III.  Impugned Decision

[7]  The Officer found, just like the RPD and the RAD, that the Applicant had not credibly established a well-founded fear of persecution. The risks alleged in the PRRA application were the same as the ones presented in his amended Basis of Claim Form dated September 8, 2014. In addition, the Officer considered the following new allegations of risk related to factors set out in section 96 and section 97 of the Immigration and Refugee Protection Act, SC 2001, c 27 [IRPA]:

His family and friends in his village will still not speak with him for fear of being killed by the village Molvi and Numberdar;

A First Information Report (FIR) was registered against him in December 2015;

A fatwa was issued against him in January 2016, in which he was found guilty of homosexuality and sentenced to be stoned to death;

Posters with his face on them were put up in his village offering a reward for his death;

In February 2016, the village Molvi, Numberdar, and other villagers attacked his family members in their home;

His former partner Azhar Hussain died in 2013 and his father, the Numberdar, blames him for his son’s death and wants to get revenge by killing him;

The Molvi and other villagers want to stone him to death in the name of honour and Islam; and

He will be arrested and raped by the police anywhere in Pakistan.

[8]  The Officer deemed the documentary evidence in support of these allegations to either predate the RAD’s decision or to be materially similar to the facts as presented to the RPD and the RAD.

[9]  Regarding the evidence supporting the Applicant’s allegations that does not predate the RAD’s decision, the Officer found that it related to events that the RPD and the RAD had already found not credible. As a result, the Officer gave this evidence little or no probative value.

[10]  Two affidavits submitted by people familiar with the Applicant were also considered by the Officer.
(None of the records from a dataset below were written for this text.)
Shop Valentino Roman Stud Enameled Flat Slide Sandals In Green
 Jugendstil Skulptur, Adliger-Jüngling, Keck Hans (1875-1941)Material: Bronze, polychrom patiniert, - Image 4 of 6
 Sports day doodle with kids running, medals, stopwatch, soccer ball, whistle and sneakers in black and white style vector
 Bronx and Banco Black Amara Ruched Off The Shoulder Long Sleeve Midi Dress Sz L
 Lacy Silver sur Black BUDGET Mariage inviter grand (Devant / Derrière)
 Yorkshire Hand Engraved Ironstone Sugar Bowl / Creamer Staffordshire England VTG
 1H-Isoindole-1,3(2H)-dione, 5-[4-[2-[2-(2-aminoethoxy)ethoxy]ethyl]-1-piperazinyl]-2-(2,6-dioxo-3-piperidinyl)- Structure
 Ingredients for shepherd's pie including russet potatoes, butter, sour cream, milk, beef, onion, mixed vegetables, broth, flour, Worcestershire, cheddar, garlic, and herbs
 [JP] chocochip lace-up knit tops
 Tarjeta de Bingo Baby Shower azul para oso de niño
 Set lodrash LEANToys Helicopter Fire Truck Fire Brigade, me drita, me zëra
In the first affidavit, the affiant stated he was aware of the Applicant’s homosexual relations, and that a police complaint, a fatwa ordering the Applicant’s death and wanted posters had been issued against the Applicant. In the second affidavit, the affiant described the rumours concerning the Applicant’s affair with the son of the village’s mayor and that son’s death due to a suspected honour killing. He also explained that the Applicant’s family was attacked in their home. The second affiant was also aware of the police complaint, the fatwa and the wanted posters.

[11]  Yet, the affidavits were given little probative value because they did not explain how the affiants became aware of the events described, whether or not the affiants had firsthand knowledge of them, and how they communicated with the Applicant. Neither of the affiants submitted details confirming their identity or explained why they were willing to help the Applicant. Furthermore, the affiants described a continuation of the events which had already been determined by the RPD and the RAD not to have occurred.

[12]  The Applicant also submitted a legal opinion letter written by a Pakistani lawyer who stated that he knew the Applicant. His legal opinion, considering the police report, the fatwa and the wanted posters, was that the Applicant would be in danger if he returned to Pakistan. The lawyer added that criminal charges had been laid against the Applicant. Once again, the Officer gave little weight to this statement, pointing out that the lawyer did not explain how he knew the Applicant and adding that he had no firsthand knowledge of the events. Furthermore, the lawyer’s opinion was based on documents which had already been deemed to be of little or no probative value, and on events which had been found not credible by the RPD and the RAD.

[13]  The Applicant also filed a letter from his UK lawyer and an appeal questionnaire concerning his refugee claim in the UK, which confirm he had made it on the grounds of his sexual orientation. As the RAD had already considered that letter and found that it did not alleviate the credibility concerns with the Applicant’s version of events, the Officer gave it no weight.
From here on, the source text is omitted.